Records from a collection
■ ■ ■ ■ ■ ■ ■
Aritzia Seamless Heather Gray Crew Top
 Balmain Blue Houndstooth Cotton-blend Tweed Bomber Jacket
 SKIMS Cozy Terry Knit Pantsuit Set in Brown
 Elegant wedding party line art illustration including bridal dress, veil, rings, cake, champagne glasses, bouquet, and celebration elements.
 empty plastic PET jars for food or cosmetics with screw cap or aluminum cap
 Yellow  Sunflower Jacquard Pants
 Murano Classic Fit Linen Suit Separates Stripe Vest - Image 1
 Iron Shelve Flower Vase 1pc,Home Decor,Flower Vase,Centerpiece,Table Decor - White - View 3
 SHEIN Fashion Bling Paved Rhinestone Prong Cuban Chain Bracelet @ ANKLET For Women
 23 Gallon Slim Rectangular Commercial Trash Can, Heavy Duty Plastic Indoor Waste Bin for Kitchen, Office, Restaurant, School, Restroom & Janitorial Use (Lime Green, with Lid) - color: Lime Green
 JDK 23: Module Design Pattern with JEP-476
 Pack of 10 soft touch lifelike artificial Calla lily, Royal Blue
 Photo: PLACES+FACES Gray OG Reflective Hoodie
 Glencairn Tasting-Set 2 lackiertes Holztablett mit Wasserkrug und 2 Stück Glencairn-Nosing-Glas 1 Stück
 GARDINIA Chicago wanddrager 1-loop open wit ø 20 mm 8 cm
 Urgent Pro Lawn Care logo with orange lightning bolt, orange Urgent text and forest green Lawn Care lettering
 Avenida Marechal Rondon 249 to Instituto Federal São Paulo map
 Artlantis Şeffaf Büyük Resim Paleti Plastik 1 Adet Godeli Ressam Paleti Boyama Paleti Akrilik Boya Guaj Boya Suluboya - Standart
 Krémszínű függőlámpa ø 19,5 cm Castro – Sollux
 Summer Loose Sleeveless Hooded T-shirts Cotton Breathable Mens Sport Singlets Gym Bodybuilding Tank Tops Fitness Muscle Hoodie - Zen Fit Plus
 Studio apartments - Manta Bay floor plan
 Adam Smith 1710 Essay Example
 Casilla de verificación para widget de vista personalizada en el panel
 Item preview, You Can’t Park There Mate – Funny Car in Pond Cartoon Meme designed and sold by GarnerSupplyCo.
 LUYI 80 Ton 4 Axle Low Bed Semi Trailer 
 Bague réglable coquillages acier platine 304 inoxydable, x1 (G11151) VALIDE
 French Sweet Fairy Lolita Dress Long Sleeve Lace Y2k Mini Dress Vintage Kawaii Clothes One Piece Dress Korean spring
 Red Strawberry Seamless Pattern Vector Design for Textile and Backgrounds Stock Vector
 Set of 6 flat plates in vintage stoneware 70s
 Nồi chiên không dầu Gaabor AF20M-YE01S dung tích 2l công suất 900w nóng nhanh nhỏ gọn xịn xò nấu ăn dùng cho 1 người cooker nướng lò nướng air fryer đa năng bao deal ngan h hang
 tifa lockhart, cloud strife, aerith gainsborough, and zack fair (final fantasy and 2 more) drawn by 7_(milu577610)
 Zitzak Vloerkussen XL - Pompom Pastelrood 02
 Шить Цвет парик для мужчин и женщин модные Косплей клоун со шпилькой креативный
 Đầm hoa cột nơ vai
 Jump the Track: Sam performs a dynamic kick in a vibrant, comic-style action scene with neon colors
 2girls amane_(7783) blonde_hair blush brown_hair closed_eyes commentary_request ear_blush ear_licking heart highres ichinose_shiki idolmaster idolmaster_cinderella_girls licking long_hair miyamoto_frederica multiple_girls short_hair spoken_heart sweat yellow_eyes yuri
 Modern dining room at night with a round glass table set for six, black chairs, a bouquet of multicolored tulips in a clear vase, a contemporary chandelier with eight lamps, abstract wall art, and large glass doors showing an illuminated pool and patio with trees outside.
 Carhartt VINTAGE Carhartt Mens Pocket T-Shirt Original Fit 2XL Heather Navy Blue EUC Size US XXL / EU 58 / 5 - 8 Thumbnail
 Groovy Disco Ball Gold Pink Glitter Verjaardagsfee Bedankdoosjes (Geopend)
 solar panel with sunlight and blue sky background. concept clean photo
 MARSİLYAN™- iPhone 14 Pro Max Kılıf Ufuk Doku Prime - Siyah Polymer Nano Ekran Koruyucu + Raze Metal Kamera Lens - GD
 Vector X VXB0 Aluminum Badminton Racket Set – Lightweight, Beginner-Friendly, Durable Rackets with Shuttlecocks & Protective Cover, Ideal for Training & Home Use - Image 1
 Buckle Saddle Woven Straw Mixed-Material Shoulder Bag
■ ■ ■ ■ ■ ■ ■
WHAT YOU HAVE TO DO
Could you write out, exactly, each line of the data above from the one containing "Nồi chiên không" through the last, including both?

EXERCISE OUTPUT
 Nồi chiên không dầu Gaabor AF20M-YE01S dung tích 2l công suất 900w nóng nhanh nhỏ gọn xịn xò nấu ăn dùng cho 1 người cooker nướng lò nướng air fryer đa năng bao deal ngan h hang
 tifa lockhart, cloud strife, aerith gainsborough, and zack fair (final fantasy and 2 more) drawn by 7_(milu577610)
 Zitzak Vloerkussen XL - Pompom Pastelrood 02
 Шить Цвет парик для мужчин и женщин модные Косплей клоун со шпилькой креативный
 Đầm hoa cột nơ vai
 Jump the Track: Sam performs a dynamic kick in a vibrant, comic-style action scene with neon colors
 2girls amane_(7783) blonde_hair blush brown_hair closed_eyes commentary_request ear_blush ear_licking heart highres ichinose_shiki idolmaster idolmaster_cinderella_girls licking long_hair miyamoto_frederica multiple_girls short_hair spoken_heart sweat yellow_eyes yuri
 Modern dining room at night with a round glass table set for six, black chairs, a bouquet of multicolored tulips in a clear vase, a contemporary chandelier with eight lamps, abstract wall art, and large glass doors showing an illuminated pool and patio with trees outside.
 Carhartt VINTAGE Carhartt Mens Pocket T-Shirt Original Fit 2XL Heather Navy Blue EUC Size US XXL / EU 58 / 5 - 8 Thumbnail
 Groovy Disco Ball Gold Pink Glitter Verjaardagsfee Bedankdoosjes (Geopend)
 solar panel with sunlight and blue sky background. concept clean photo
 MARSİLYAN™- iPhone 14 Pro Max Kılıf Ufuk Doku Prime - Siyah Polymer Nano Ekran Koruyucu + Raze Metal Kamera Lens - GD
 Vector X VXB0 Aluminum Badminton Racket Set – Lightweight, Beginner-Friendly, Durable Rackets with Shuttlecocks & Protective Cover, Ideal for Training & Home Use - Image 1
 Buckle Saddle Woven Straw Mixed-Material Shoulder Bag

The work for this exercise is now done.